The California Medical Association (CMA) solicited California physicians with claims against bankrupt IPAs to assign those claims to it.  As a result, CMA accumulated tens of millions of dollars of such claims.  CMA sued several of the large California managed care organizations for recovery of this money.  CMA contended that the HMOs, exercising their market power, insisted that physicians contract with the IPAs, rather than the HMOs.  At the same time, the HMOs knew that their capitation payments to the IPAs were so small that the IPAs stood a substantial risk of insolvency.  The principal CMA legal theory was that Knox-Keene Act §1371 repeals the common law requirement of contractual privity and mandates that the managed care organizations pay CMA as the physicians’ assignee.

The trial judge dismissed the CMA lawsuit based on the pleadings, and the Court of Appeal affirmed the dismissal.  CMA asked the California Supreme Court to hear the case on a discretionary basis.  However, on March 27, 2002, the California Supreme Court, with one justice dissenting, declined to hear the case.

Litigation Center involvement

The Litigation Center filed a letter brief with the California Supreme Court, supporting the CMA request.  The letter brief emphasized the importance of the case, both within California and the entire United States.

View the letter brief (PDF, 65KB).

In Re Managed Care Litigation—Provider Track Cases (S.D. Fla.)

Issue

The issue in this case was whether various health insurance/managed care companies had conspired to defraud physicians through their payment practices.

AMA interest

The AMA supports fair and prompt payment to physicians for their services.

Case summary

These consolidated class actions, initiated by several individual physicians and medical societies, alleged that the principal managed care organizations in the United States conspired to defraud physicians and other health care providers, in violation of the Racketeer Influenced and Corrupt Organizations (RICO) Act.  Most of the defendants settled.

The settlements, among other things, required the defendants to disclose their coding edits (i.e., changes made to the Current Procedural Terminology (CPT) codes), adopt certain CPT conventions, clarify the criteria under which medical procedures will be deemed “medically necessary,” fund a charitable foundation, and reimburse up to several hundred million dollars to the class of plaintiff physicians.

Three of the defendants, however, were granted summary judgments.  In essence, the court ruled that parallel actions by separate business enterprises, even if those actions may have been illegal, are not, by themselves, sufficient evidence of a RICO conspiracy. 

AMA involvement

In addition to its participation as a named plaintiff in one of the original cases brought prior to the multidistrict consolidation, the AMA assisted the plaintiffs with substantial technical advice on coding and other payment issues.  The AMA also helped to educate physicians about the settlements and to work with individual physicians and groups recovering past claims as part of these settlements.

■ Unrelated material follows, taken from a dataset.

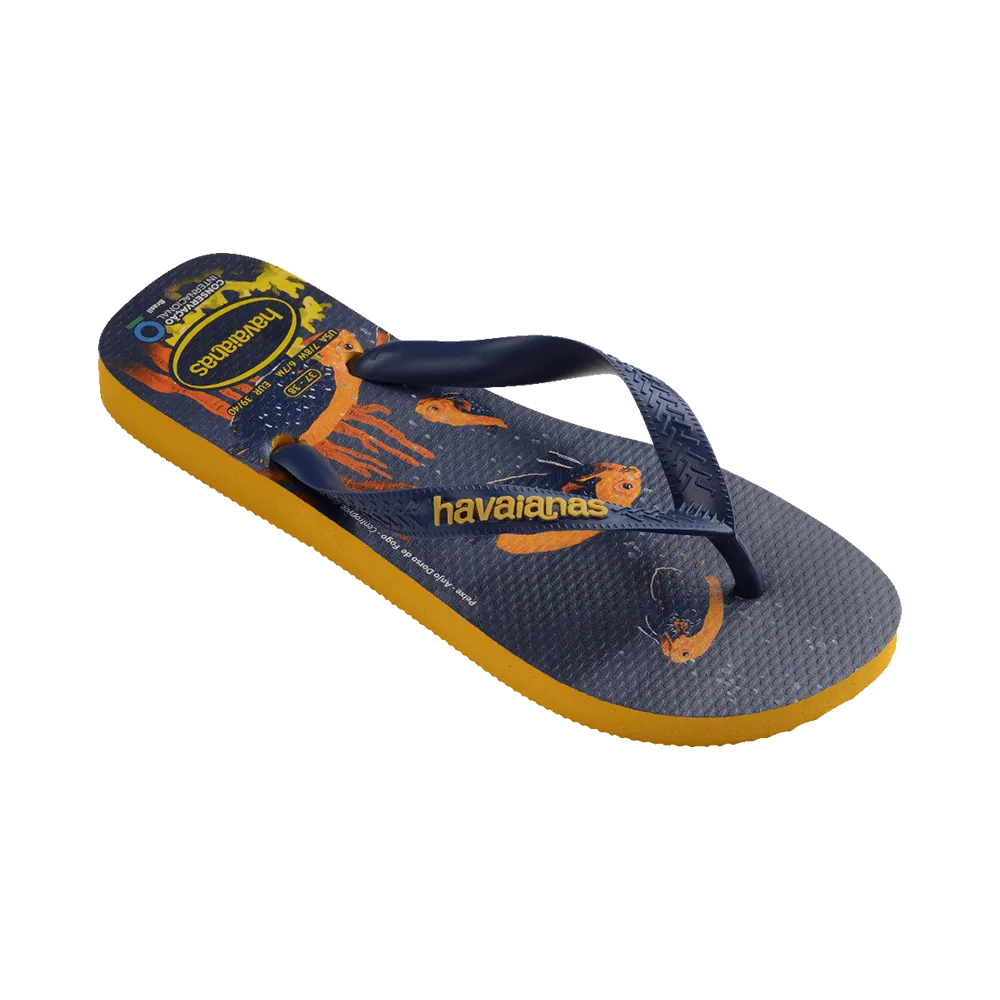 Conservacao Internacional Flip Flops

Medical Association of Georgia v. Blue Cross & Blue Shield of Georgia, Inc.
(Fulton County, Ga. Super. Ct.), 536 S.E.2d 184 (Ga. Ct. App. 2000
)

Issues

The issues in this case were whether Georgia Blue was required to provide its panel physicians with its fee schedule and the method by which that fee schedule was calculated.

AMA interest

The AMA supports fair policies and practices regarding payment for physician services.

Case summary

The Medical Association of Georgia (“MAG”) and four of its members sued for a declaration that Georgia Blue had breached its provider contracts in a number of respects.  The trial court ruled against the claims of the plaintiffs.  The Georgia Court of Appeals, however, held that unless the provider contract with the physicians specifies otherwise, a health insurance company must provide its doctors with its fee schedule and “the precise methodology that is used for determining payments.”  The appellate court remanded the case to the trial court, with instructions to order Georgia Blue to follow its ruling.  The Georgia Supreme Court denied requests from both sides to review the appellate court’s decision. 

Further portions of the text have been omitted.